**Recorded information**
+++

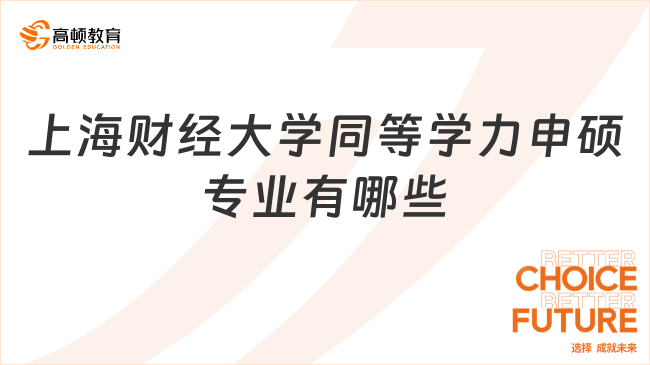 上海财经大学同等学力申硕专业有哪些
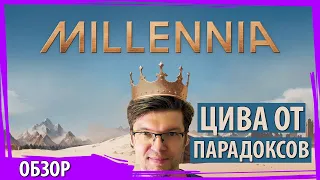 Обзор MILLENNIA: Sid Meier’s Civilization от Paradox Interactive
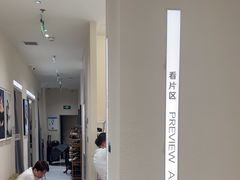 -HIMO海马体照相馆(杭州西溪印象城店)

+++

**Exercise requirements**
Skipping all images, output the listing exactly.

**Answer**
 上海财经大学同等学力申硕专业有哪些
 Обзор MILLENNIA: Sid Meier’s Civilization от Paradox Interactive
 -HIMO海马体照相馆(杭州西溪印象城店)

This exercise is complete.